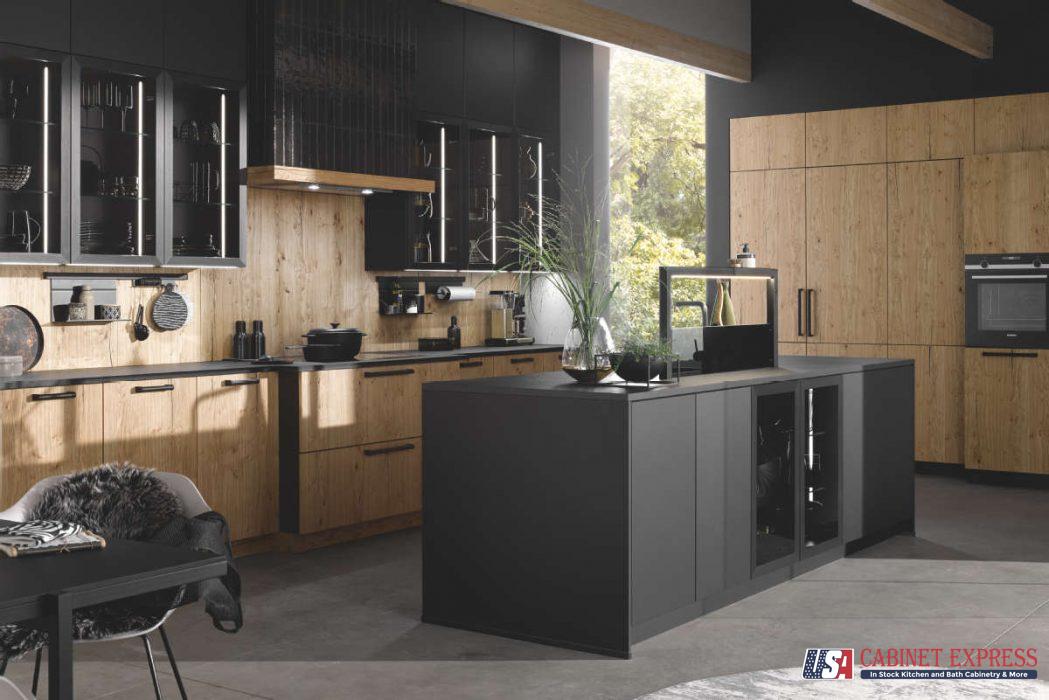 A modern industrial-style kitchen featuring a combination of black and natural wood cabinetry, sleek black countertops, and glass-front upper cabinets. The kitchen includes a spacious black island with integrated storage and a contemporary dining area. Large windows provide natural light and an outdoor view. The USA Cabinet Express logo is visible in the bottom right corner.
......
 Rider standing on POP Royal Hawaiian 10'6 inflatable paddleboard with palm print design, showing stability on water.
......
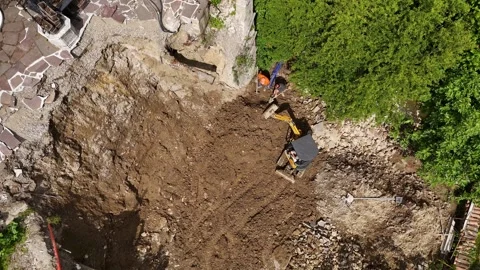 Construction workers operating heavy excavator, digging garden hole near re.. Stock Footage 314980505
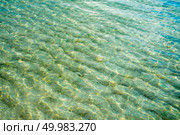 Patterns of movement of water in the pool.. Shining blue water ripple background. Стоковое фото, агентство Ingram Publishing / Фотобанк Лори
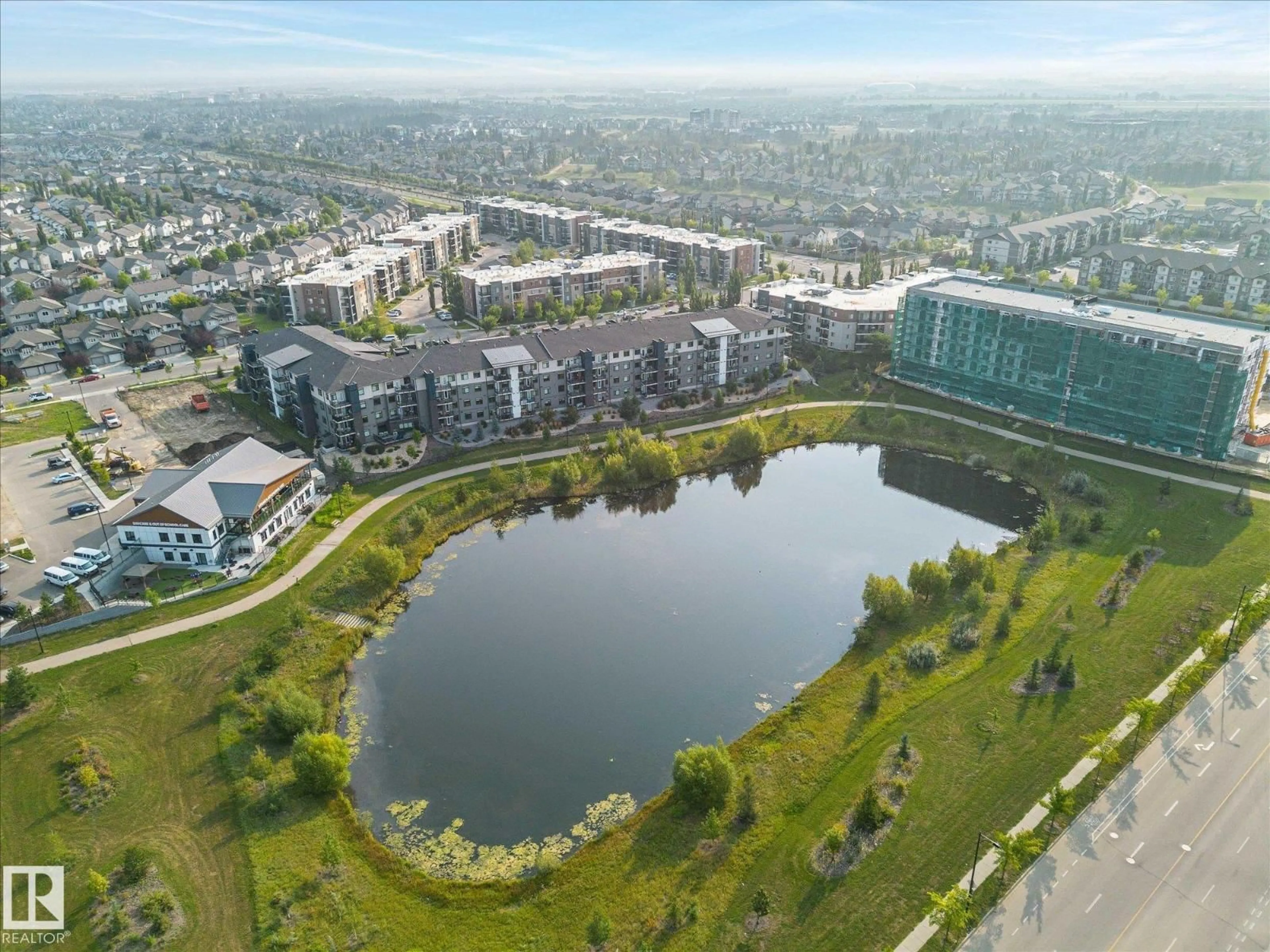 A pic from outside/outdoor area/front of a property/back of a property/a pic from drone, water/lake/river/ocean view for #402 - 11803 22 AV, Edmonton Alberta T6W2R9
......
From the records above, transcribe only the stretch from the line with "Patterns of movement" through the line with "A pic from outside/outdoor", keeping both ends. Omit pictures.

 Patterns of movement of water in the pool.. Shining blue water ripple background. Стоковое фото, агентство Ingram Publishing / Фотобанк Лори
 A pic from outside/outdoor area/front of a property/back of a property/a pic from drone, water/lake/river/ocean view for #402 - 11803 22 AV, Edmonton Alberta T6W2R9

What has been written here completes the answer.